Computer program learns language rules and composes sentences, all without outside help. Never linked this interesting article on "ADIOS" back when I first came across it.
"The algorithm... for language learning and processing that we have developed can take a body of text, abstract from it a collection of recurring patterns or rules and then generate new material," explained Shimon Edelman... "This is the first time an unsupervised algorithm is shown capable of learning complex syntax, generating grammatical new sentences and proving useful in other fields that call for structure discovery from raw data, such as bioinformatics," he said.
Unlike previous attempts at developing computer algorithms for language learning, the new method, called Automatic Distillation of Structure (ADIOS), successfully identifies complex patterns in raw texts. The algorithm discovers the patterns by repeatedly aligning sentences and looking for overlapping parts.
For example, the sentences I would like to book a first-class flight to Chicago, I want to book a first-class flight to Boston and Book a first-class flight for me, please may give rise to the pattern book a first-class flight -- if this candidate pattern passes the novel statistical significance test that is the core of the algorithm.

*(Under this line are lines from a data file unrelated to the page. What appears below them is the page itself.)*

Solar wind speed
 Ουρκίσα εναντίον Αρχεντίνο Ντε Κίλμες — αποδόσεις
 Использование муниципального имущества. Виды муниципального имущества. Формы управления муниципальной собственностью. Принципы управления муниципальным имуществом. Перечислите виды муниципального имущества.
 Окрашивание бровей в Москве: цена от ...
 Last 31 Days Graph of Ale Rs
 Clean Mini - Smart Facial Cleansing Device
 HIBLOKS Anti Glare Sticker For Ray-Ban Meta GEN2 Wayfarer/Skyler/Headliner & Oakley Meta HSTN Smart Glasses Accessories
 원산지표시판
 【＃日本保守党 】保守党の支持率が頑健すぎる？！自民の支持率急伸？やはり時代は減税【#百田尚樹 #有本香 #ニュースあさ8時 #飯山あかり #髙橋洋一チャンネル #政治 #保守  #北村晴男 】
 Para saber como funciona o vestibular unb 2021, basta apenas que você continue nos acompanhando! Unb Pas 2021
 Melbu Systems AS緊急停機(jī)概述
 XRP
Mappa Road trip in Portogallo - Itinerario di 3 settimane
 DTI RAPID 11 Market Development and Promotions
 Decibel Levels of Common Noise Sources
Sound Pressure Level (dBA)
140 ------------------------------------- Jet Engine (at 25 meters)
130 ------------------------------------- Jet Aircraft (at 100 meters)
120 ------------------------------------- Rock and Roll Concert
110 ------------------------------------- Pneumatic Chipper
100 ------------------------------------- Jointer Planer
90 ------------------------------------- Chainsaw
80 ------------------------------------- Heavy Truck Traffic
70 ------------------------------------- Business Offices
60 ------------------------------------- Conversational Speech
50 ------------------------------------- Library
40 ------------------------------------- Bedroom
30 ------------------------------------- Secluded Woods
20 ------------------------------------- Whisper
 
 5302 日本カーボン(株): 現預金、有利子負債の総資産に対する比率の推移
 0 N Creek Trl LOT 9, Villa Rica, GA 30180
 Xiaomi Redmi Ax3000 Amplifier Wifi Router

If the system also encounters the sentences I need to book a direct flight from New York to Tel Aviv and I would like to book an economy flight, it may infer that the phrases first-class, direct and economy are equivalent in the context of the new pattern. "Because such equivalence sets can contain other patterns -- in turn containing further patterns, and so on -- the resulting body of knowledge grows recursively, as a sort of forest of branching trees of possibilities," said Edelman.
The ADIOS homepage appears to be down at the moment. Update: up now.
Did you see that it has applications for bioinformatics also?